Understanding Dual-Flashlight Plot

When to use a dual-flashlight plot

The dual-flashlight plot is useful when you want to screen for cytokines that show both a meaningful fold change and a meaningful effect size threshold. In CytokineProfile Shiny, it is best treated as a prioritization plot rather than as a formal hypothesis-testing figure.

When not to use a dual-flashlight plot

This plot is usually not the best fit when:

you need p-value-centered inference rather than threshold-based screening
you want to compare more than two groups at once
your question is about full raw distributions rather than prioritized hits

What the app is showing

The example below compares subjects with Type 2 Diabetes (T2D) against Non-Diabetic (ND) subjects.

The axes

X-axis: Average log2 fold change (log2FC) Positive values indicate higher abundance in one group, and negative values indicate lower abundance.
Y-axis: Strictly standardized mean difference (SSMD) SSMD is an effect-size measure that combines mean difference and within-group variability. Larger absolute values indicate stronger group separation.

The visual cues

Each point is one cytokine.
The vertical dashed lines mark the user-chosen log2FC threshold.
The highlighted points are the cytokines that cross both the SSMD threshold and the log2FC threshold.
The labels usually identify the strongest hits according to the ranking criterion used in the app.

Which app arguments matter most

The most important controls are:

Comparison Column: decides which categorical variable defines the comparison.
Condition 1 and Condition 2: decide which two levels are contrasted in the plot.
SSMD Threshold: controls how large the effect size must be before a point is treated as a notable hit.
Log2 Fold Change Threshold: controls how large the fold change must be.
Top Labels: controls how many of the top-ranked cytokines are labeled.

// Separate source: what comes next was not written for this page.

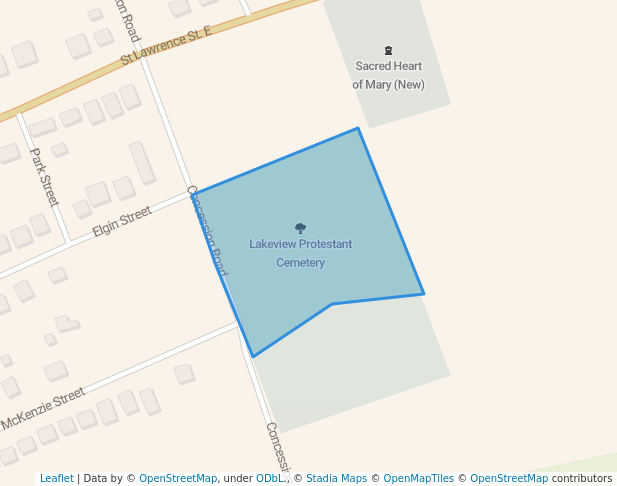walking in Lakeview Protestant Cemetery map in Madoc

These thresholds are not cosmetic. They determine which cytokines get emphasized, so they should be set intentionally and reported clearly.

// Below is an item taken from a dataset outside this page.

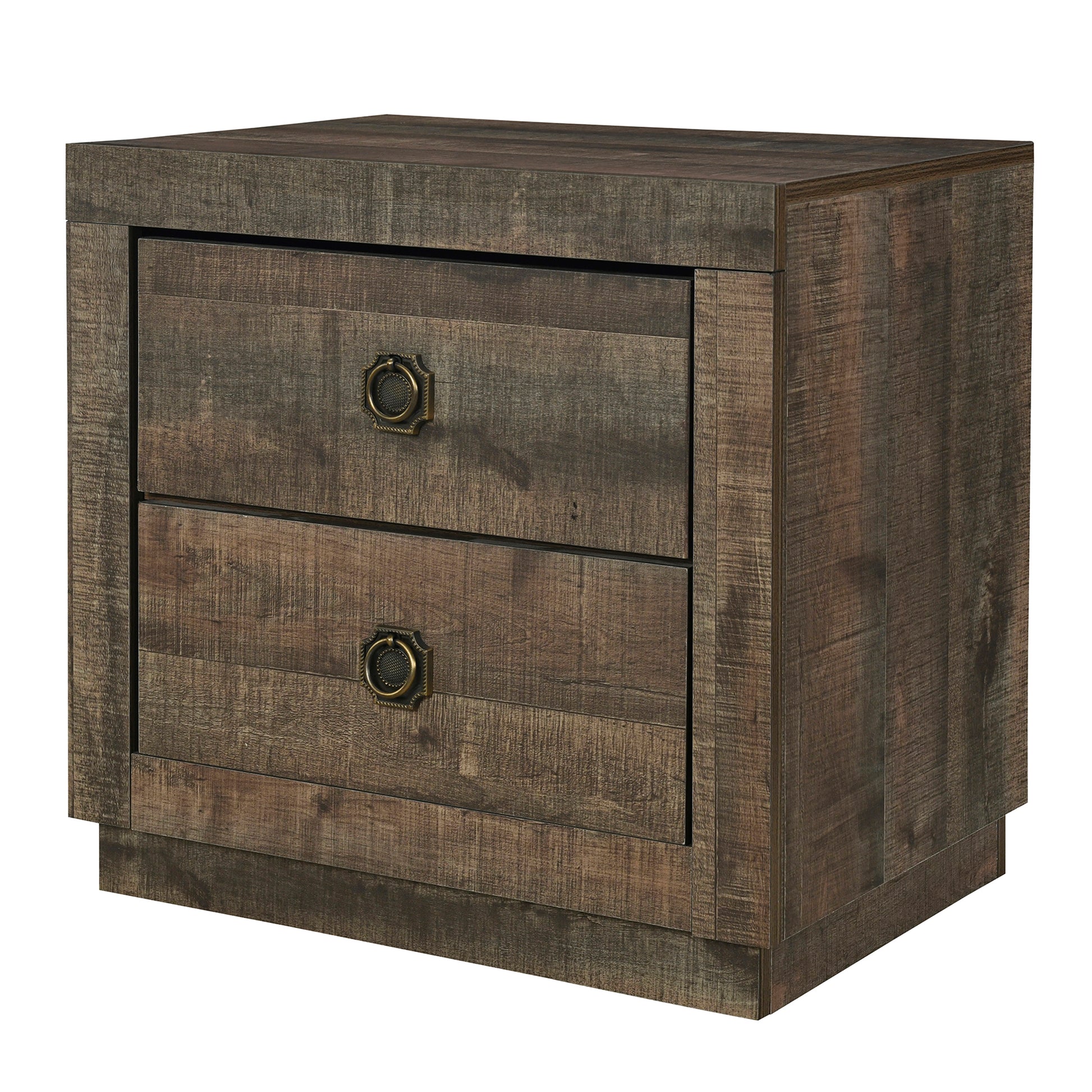 2 Pieces Bedroom Sets Farmhouse Style Twin Size Bookcase Captain Bed And Nightstand, Rustic Brown Twin Rustic Brown Bed Included,Nightstand Included Plywood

How to interpret the figure

A dual-flashlight plot is easiest to read in terms of agreement between the two axes:

Points far from zero on the x-axis have larger fold changes.
Points high on the y-axis have stronger SSMD effect sizes.
Points that cross both thresholds are often the most compelling screening candidates.
Points with strong SSMD but small fold change may be consistent yet not large in magnitude.
Points with large fold change but weak SSMD may reflect unstable or variable signals.

For the example shown:

A point in the far upper-left region would represent a cytokine with a large negative fold change and a strong effect size.
A point near the center horizontally but high vertically would suggest consistent separation without a large fold change.
A point far left or right but not high on SSMD should be treated more cautiously because the magnitude of change is not matched by equally strong standardized separation.

Common cautions

The most important caution is conceptual:

This plot is not driven by p-values.
A highlighted point is a threshold-based hit, not automatically a statistically significant result.

That makes the plot very useful for screening, but it should be paired with univariate testing or direct inspection of the raw data when you want inferential evidence.

Additional cautions:

Threshold choice strongly affects which points look important.
Very small sample sizes can make both fold change and SSMD less stable.
The direction of the fold change depends on the group ordering, so always confirm which group is treated as the reference.

How to reproduce the result in the app

Filter the dataset to the two groups you want to compare.
Choose Dual-Flashlight Plot.
Select Comparison Column, Condition 1, and Condition 2.
Set SSMD Threshold, Log2 Fold Change Threshold, and Top Labels.
Review the highlighted cytokines as prioritized candidates for follow-up.